*Dataset extract:*
--

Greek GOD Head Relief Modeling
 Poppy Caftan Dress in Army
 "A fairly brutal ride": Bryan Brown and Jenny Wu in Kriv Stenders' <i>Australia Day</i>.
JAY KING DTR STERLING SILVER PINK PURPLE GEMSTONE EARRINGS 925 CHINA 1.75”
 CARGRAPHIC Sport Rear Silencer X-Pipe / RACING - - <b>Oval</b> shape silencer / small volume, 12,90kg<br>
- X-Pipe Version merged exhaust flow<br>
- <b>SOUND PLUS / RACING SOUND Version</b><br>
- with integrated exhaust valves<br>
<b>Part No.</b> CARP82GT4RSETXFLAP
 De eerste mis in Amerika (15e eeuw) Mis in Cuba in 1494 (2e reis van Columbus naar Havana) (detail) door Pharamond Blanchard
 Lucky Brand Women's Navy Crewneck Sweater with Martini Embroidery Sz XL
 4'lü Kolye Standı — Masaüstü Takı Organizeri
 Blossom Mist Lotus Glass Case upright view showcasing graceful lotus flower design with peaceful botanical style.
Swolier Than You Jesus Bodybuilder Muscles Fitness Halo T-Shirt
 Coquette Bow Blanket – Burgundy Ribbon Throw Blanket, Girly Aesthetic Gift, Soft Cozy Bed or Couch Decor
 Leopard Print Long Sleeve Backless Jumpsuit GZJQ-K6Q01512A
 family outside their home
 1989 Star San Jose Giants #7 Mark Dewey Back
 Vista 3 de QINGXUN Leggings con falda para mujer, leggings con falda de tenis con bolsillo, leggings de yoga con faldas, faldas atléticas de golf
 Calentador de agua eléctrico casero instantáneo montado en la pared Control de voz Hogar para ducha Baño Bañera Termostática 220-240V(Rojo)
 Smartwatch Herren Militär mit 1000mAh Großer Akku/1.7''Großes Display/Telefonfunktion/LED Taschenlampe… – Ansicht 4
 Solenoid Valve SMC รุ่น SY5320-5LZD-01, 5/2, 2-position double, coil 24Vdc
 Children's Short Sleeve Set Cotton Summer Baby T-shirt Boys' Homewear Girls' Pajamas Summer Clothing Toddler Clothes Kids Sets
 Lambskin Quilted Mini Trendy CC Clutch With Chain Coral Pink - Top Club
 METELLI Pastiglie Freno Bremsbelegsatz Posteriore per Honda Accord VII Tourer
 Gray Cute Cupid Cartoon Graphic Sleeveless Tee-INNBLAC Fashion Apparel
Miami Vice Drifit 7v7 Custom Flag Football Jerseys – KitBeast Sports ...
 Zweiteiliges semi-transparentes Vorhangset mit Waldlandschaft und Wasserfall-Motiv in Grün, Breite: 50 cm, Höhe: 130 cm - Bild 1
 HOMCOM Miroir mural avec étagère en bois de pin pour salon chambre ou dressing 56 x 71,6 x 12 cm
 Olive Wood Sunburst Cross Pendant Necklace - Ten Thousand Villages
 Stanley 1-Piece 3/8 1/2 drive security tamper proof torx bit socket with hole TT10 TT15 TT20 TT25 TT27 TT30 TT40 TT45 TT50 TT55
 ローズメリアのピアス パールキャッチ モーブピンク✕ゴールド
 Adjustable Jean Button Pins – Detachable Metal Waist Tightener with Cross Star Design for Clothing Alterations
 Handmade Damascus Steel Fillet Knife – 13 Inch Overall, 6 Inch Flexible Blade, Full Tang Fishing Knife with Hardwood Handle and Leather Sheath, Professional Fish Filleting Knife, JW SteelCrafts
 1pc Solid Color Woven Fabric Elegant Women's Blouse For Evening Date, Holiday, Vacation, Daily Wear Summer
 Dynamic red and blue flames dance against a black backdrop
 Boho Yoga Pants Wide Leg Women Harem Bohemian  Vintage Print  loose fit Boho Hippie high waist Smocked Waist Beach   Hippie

--

*Work instruction:* Please give back, exactly as it stands above, the stretch from the line with "- with integrated exhaust valves<br>" through the line with "4'lü Kolye Standı — Masaüstü Takı Organizeri", and no line outside it.

*Exercise answer:*
- with integrated exhaust valves<br>
<b>Part No.</b> CARP82GT4RSETXFLAP
 De eerste mis in Amerika (15e eeuw) Mis in Cuba in 1494 (2e reis van Columbus naar Havana) (detail) door Pharamond Blanchard
 Lucky Brand Women's Navy Crewneck Sweater with Martini Embroidery Sz XL
 4'lü Kolye Standı — Masaüstü Takı Organizeri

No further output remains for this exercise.